12th Deputy Premier of Tasmania
- In office 3 July 1989 – 17 February 1992
- Preceded by: Ray Groom
- Succeeded by: John Beswick

Member of the Tasmanian House of Assembly for Bass
- In office 15 August 1984 – 20 July 2002

Personal details
- Born: 5 November 1952 (age 73) Launceston, Tasmania, Australia
- Party: Labor
- Alma mater: University of Tasmania (LLB, PhD) University of Cambridge (DipCrim)
- Profession: Barrister

= Peter Patmore =

Australian politician

Peter James Patmore (born 5 November 1952) is an Australian former politician. In 1984 he was elected to the Tasmanian House of Assembly as one of the members of Bass, representing the Labor Party. During that time he held the positions of; Deputy Premier, Attorney General, Minister for Justice, Minister for Industrial Relations, Minister for Consumer Affairs, and Minister for Education and the Arts.
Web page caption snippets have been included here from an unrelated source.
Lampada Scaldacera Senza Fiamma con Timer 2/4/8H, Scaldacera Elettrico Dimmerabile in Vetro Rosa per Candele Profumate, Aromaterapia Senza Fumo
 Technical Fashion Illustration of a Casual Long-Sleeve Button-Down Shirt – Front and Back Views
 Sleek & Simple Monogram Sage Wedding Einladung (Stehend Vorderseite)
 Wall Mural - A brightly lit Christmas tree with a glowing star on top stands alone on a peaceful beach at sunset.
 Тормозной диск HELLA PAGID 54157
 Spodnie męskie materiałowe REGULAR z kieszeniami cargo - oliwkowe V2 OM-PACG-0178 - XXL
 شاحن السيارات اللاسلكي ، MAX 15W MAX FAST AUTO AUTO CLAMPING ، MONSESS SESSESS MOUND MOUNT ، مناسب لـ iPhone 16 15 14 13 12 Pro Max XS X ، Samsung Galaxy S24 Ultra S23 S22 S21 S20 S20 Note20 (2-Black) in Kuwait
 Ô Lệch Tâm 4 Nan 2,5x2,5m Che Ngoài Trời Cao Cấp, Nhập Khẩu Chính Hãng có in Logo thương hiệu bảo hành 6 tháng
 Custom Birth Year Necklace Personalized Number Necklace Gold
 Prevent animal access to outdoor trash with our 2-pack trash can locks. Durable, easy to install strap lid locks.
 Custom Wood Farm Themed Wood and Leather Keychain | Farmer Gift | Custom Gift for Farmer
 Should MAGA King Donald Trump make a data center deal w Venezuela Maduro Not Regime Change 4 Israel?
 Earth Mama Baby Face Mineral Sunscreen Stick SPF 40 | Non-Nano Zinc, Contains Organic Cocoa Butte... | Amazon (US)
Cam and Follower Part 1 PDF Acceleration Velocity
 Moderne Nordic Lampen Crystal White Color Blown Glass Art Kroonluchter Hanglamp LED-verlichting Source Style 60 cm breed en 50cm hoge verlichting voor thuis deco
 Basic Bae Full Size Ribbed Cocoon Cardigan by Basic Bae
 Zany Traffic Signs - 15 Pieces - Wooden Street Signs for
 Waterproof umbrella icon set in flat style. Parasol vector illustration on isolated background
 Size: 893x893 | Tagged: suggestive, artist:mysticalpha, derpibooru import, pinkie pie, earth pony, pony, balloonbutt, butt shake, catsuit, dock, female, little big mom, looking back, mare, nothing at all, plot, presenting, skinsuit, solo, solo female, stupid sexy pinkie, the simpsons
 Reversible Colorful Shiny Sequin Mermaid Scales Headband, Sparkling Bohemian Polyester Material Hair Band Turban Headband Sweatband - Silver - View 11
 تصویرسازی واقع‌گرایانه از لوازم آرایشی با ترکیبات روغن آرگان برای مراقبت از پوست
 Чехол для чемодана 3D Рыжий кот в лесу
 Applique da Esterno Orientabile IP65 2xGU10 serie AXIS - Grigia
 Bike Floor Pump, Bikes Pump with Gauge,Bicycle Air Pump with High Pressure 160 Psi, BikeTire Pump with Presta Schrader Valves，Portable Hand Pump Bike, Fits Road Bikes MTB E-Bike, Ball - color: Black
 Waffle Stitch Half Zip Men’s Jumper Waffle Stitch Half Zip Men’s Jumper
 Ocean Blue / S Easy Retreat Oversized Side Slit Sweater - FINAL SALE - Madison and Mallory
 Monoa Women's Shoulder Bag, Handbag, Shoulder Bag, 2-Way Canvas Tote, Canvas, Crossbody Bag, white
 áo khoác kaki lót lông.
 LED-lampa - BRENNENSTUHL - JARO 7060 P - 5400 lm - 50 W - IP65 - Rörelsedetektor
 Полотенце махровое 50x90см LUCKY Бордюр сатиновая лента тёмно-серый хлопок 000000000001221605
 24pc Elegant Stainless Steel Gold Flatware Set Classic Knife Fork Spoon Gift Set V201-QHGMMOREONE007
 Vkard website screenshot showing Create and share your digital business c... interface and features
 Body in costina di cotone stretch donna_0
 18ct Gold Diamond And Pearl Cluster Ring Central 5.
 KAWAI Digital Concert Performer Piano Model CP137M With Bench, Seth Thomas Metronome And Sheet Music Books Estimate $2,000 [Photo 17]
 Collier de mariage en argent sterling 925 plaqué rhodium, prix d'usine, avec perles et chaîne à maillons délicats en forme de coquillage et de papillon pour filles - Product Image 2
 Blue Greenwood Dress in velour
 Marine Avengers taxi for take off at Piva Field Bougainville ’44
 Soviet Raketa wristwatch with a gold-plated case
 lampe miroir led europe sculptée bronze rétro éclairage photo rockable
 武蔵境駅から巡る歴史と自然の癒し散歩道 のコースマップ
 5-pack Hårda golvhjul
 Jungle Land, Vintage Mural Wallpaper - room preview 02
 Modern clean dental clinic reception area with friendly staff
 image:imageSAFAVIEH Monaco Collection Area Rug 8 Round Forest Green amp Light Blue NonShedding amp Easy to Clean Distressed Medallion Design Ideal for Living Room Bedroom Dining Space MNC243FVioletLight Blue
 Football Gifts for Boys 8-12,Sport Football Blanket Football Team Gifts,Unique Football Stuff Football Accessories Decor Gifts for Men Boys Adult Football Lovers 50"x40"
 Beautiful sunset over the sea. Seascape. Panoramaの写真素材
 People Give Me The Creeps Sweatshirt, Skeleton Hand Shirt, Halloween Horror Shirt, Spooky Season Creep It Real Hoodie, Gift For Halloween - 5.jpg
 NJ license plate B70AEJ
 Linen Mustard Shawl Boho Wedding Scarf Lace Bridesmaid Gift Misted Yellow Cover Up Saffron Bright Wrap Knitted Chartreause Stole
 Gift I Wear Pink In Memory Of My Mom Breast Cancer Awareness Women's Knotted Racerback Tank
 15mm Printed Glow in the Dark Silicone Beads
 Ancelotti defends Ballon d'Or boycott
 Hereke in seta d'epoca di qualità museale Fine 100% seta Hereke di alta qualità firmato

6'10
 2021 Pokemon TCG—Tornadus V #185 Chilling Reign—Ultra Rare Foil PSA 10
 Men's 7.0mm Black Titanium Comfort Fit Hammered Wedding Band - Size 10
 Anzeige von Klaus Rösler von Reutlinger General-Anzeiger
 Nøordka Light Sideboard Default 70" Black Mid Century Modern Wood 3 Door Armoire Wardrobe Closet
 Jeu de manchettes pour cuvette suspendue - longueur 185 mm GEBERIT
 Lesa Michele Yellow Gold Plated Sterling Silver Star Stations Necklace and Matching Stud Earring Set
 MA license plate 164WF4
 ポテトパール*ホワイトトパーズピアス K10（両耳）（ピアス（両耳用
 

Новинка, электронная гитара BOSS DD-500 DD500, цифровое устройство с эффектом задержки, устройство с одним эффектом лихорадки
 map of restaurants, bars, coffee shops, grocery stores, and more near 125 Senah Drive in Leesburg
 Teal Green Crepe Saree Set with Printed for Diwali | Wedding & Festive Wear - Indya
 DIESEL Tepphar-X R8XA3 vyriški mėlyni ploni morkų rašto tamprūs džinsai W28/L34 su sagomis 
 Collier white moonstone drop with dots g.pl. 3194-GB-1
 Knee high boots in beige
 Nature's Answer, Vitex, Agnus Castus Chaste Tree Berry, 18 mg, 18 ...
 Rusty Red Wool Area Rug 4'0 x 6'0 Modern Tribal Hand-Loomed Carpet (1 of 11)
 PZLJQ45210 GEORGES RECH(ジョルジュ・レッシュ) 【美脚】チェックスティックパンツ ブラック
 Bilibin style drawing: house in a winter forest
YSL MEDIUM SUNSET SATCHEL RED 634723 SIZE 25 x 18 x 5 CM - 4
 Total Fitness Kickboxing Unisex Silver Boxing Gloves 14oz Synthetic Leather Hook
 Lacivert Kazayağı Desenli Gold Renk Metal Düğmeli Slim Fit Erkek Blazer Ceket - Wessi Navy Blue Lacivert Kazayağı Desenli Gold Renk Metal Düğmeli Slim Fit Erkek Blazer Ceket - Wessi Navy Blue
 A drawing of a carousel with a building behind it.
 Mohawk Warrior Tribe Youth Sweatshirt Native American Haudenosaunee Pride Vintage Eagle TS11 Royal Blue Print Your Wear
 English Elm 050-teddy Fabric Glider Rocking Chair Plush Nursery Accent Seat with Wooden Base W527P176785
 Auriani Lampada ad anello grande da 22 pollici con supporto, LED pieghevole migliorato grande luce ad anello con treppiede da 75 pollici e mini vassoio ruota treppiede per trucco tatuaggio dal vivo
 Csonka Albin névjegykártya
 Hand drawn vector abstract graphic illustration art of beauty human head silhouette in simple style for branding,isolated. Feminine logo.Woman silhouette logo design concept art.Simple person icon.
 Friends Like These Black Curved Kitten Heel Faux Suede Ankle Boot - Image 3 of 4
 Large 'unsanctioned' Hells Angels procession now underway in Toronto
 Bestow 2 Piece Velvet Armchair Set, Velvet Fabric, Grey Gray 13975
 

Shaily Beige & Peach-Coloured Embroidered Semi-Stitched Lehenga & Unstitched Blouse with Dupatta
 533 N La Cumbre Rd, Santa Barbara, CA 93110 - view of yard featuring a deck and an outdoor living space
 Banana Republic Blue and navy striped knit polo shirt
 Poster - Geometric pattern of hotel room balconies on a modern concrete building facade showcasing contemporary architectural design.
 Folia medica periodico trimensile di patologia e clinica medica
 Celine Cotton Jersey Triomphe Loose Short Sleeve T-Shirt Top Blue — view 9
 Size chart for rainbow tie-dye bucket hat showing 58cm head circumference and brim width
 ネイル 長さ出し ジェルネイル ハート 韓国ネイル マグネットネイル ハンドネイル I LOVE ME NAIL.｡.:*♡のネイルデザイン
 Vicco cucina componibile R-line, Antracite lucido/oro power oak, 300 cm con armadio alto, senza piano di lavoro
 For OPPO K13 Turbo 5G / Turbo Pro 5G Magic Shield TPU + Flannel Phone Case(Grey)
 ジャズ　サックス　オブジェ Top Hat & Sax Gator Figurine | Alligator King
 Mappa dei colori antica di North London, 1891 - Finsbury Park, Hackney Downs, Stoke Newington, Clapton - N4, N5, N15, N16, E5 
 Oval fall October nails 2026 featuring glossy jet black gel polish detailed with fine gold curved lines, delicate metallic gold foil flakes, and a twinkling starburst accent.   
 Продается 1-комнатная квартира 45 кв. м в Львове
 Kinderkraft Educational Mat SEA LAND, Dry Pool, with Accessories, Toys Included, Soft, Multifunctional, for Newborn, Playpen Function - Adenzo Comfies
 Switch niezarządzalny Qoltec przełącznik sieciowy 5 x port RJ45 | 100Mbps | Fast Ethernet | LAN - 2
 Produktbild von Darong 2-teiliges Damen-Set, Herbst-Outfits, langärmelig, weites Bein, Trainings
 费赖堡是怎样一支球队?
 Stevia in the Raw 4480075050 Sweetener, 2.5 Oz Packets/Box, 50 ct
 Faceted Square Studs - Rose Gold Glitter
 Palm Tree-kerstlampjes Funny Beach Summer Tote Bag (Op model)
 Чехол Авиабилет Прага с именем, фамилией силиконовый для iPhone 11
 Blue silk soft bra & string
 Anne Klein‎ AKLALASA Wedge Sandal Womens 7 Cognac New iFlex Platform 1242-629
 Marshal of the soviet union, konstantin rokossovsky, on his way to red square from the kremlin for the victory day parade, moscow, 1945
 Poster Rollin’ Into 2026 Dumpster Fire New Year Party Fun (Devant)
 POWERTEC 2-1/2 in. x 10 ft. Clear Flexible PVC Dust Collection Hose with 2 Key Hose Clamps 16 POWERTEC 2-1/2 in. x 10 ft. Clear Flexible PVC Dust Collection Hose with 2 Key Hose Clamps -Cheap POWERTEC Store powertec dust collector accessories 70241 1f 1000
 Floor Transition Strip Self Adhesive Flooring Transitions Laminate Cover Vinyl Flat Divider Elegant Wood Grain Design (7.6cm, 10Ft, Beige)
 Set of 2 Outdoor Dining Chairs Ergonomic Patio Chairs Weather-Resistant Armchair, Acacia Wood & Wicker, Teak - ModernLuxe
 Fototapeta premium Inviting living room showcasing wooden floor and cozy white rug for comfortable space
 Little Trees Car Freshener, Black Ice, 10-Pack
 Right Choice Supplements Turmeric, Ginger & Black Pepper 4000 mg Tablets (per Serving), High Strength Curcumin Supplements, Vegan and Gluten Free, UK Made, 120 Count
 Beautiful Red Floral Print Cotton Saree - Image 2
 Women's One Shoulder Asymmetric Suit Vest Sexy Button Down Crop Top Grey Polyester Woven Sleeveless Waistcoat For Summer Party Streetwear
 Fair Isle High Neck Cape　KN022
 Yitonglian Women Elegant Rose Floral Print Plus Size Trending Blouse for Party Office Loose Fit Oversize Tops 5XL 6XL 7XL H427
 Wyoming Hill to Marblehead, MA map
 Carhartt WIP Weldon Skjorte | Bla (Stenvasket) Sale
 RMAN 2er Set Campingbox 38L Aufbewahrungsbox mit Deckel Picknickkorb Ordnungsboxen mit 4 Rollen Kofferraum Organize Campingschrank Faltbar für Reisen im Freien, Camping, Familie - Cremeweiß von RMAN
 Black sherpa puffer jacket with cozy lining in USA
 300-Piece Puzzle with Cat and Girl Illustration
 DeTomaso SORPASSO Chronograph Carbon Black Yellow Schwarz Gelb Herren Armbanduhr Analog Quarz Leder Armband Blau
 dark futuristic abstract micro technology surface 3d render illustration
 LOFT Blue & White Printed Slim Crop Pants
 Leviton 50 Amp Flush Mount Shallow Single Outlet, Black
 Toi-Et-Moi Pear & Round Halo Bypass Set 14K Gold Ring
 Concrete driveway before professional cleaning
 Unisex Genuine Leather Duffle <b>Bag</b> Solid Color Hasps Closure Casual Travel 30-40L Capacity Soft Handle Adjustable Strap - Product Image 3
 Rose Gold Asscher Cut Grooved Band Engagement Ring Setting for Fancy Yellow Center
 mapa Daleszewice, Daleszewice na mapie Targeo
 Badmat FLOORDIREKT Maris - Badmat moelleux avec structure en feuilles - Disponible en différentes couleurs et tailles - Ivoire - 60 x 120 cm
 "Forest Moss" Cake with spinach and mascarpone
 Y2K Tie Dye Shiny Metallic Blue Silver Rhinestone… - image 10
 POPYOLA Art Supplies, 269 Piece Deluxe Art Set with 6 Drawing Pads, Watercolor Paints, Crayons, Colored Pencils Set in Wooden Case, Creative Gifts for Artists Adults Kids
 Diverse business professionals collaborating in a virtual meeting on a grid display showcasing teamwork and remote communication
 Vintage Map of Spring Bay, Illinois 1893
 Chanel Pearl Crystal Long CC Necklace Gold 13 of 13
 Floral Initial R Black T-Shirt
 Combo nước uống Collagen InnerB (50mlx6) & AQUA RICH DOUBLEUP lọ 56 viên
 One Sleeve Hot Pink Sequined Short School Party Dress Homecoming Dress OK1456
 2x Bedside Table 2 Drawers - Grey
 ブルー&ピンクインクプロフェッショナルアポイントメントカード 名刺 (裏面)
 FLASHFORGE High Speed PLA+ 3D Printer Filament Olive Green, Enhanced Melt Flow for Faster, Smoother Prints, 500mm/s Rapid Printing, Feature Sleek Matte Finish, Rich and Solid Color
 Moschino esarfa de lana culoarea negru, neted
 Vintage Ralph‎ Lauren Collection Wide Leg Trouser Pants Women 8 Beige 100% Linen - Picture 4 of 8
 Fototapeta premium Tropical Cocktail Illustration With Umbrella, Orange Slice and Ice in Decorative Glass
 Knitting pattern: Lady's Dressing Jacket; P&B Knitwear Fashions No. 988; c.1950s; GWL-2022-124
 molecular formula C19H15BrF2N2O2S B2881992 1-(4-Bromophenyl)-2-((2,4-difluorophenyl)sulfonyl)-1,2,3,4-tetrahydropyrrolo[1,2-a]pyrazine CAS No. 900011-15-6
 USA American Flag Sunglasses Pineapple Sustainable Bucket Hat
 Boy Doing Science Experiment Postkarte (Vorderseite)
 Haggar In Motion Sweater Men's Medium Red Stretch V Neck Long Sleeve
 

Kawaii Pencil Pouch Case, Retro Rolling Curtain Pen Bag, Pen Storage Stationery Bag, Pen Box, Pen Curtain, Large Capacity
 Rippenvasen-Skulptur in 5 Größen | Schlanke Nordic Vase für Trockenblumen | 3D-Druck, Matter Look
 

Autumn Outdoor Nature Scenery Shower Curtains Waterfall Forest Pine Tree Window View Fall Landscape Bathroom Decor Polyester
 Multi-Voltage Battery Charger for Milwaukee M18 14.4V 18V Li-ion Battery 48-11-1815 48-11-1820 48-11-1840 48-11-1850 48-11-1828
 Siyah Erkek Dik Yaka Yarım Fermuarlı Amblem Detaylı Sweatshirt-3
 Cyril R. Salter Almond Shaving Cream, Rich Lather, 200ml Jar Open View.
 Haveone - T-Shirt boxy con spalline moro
He resigned from parliament in 2002.

Patmore was awarded the Member of the Order of Australia (AM) in 2005 for services to the Tasmanian Parliament, particularly through the introduction of fiscal, education and law reforms.

His qualifications before entering parliament included a Bachelor of Law from the University of Tasmania and a Diploma of Criminology from Cambridge University. He received a PhD in Political Science in 2000. He is a barrister and solicitor, admitted to practice in the Supreme Court of Tasmania and the Federal Court of Australia in 1980.

Until 2017 Patmore lectured in law at the University of Tasmania. Patmore was Chairman of Poppy Advisory and Control Board and an Australian delegate to the United Nation Commission for Narcotic Drugs from 2002 to 2015.